Thursday, March 04, 2021

Home work

This business of getting a new house set up can be difficult for anyone, but doing it under the weight of grief can make it drudgery—even torture. It also goes much more slowly than under ideal conditions. Those are all things I know very, very well.

My garage is still mostly boxes, as I’ve mentioned several times, and will be for some time to come. The rest of the house is coming together, slowly. Last month, when I talked about working on the house, I said about the lounge/kitchen/dining, “I’m now putting it as I’ll have it long term”. That took a big leap the end of January when I gave away our old lounge suite, something that I’d planned on doing for a year.

In January of last year, I wrote about my plans for the new house, and noted, “I have furniture for a larger house,” and so, it wouldn’t fit. I also added:
…for a couple years (at least) I was telling Nigel that I wanted to sell our sofas and matching chair for something smaller, but he seemed less interested in that than I was. It definitely will be too much for the new house.
Nigel and I bought the two sofas and chair when we lived in Paeroa, sometime in 2005, I think. They were chocolate brown and in a kind of retro, almost Deco style, and were made in New Zealand by a company that no longer makes furniture (they import furniture made overseas). They were also large (though comfy) pieces of furniture. The 3-seater sofa was long enough for an adult to lie down, which meant it was guest bed a few times (and I even slept on it one night when Sunny was unwell and needed to go outside frequently).

The fact the furniture was too big for my new place made my desire to replace it more urgent for me: I was tired of living in such a crowded space. As it happens, a family member needed a lounge suite, so I gave it to them “as is”: If I’d attempted to sell them I’d have cleaned them or had them cleaned first (we had them more than 15 years, after all).

So, I gave them away and the house was quite empty. The next day, I went sofa shopping with my brother- and sister-in-law, and found one in the third place we looked. I bought a three seater (but one that’s a bit shorter than the old one), and one that was made in Auckland. I wanted a NZ-made sofa not only because I like to help keep Kiwis in work, but also because getting stuff from overseas is still difficult due to Covid, and I didn’t want to wait months for my new sofa to get here.

The new sofa (photo up top) was delivered this past Saturday, and, all things considered, went better than the delivery that was supposed to happen Tuesday. I wasn’t given a specific delivery time, but the delivery company texted me at 10:29am to tell me that the delivery would be between 3pm and 6pm (and they also asked me to confirm my address). The new sofa actually arrived around 5pm.

The sofa was all wrapped in plastic, which the deliverers left on.

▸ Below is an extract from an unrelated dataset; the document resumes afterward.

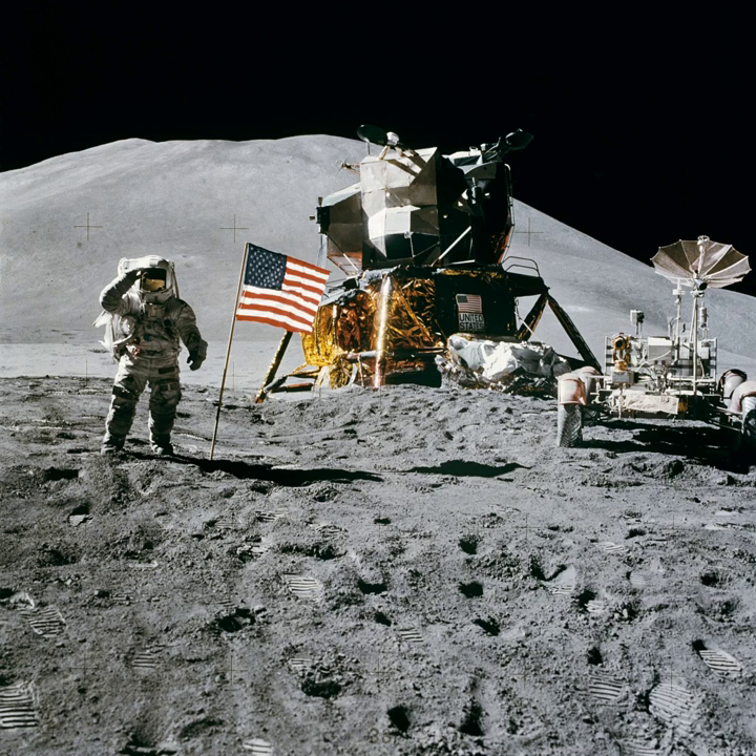Endeavour is currently on display at the National Museum of the United States Air Force at Wright-Patterson Air Force Base in Dayton, Ohio.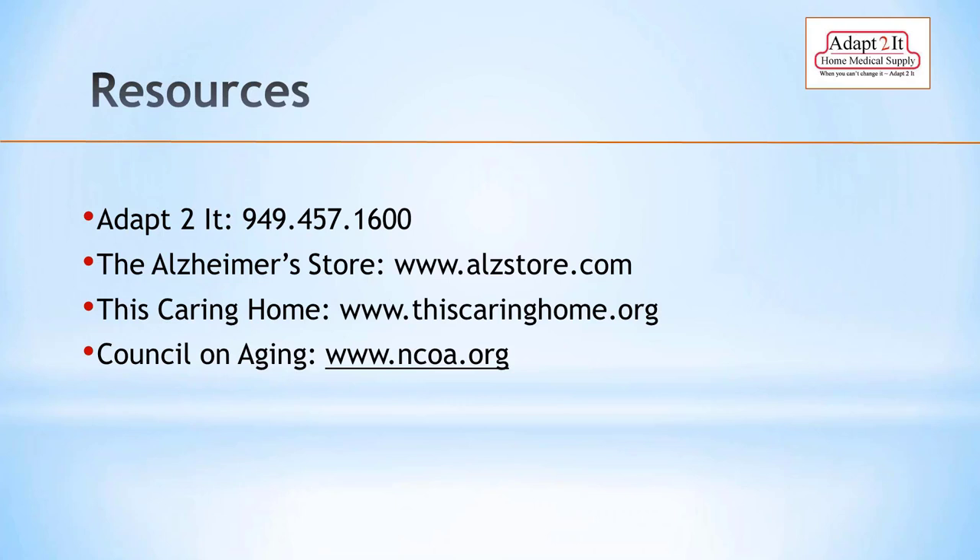We've reached the Q&A portion of the webinar. Those seeking CE credit need to have been online for a total of 60 minutes. First question: how can you tell when it's no longer safe for a person with memory loss to live alone? Some signs to look for: first is personal cleanliness — someone who has always been well put together beginning to show signs of not caring for themselves. Other indicators include losing weight, checking the refrigerator for food versus spoiled items, and people making excuses for issues they're having.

That surprised me at first because companies used to take that sort of thing away, however, that was probably when companies did their own deliveries, rather than contracting it out to a separate company. As it happens, though, I was glad it was wrapped up: I was headed out to dinner with family, and I didn’t have time to spray on the fabric protector, so the plastic would keep the dogs off of it.

The next day, I took off the plastic and sprayed the fabric protector on the whole thing (it carries a 7 year guarantee against stains). It was a bit of a mission with four cushions to spray, along with the sofa carcass, and to keep curious dogs away from the sofa while it was drying (the plastic mounded up on the floor in front of it did the trick).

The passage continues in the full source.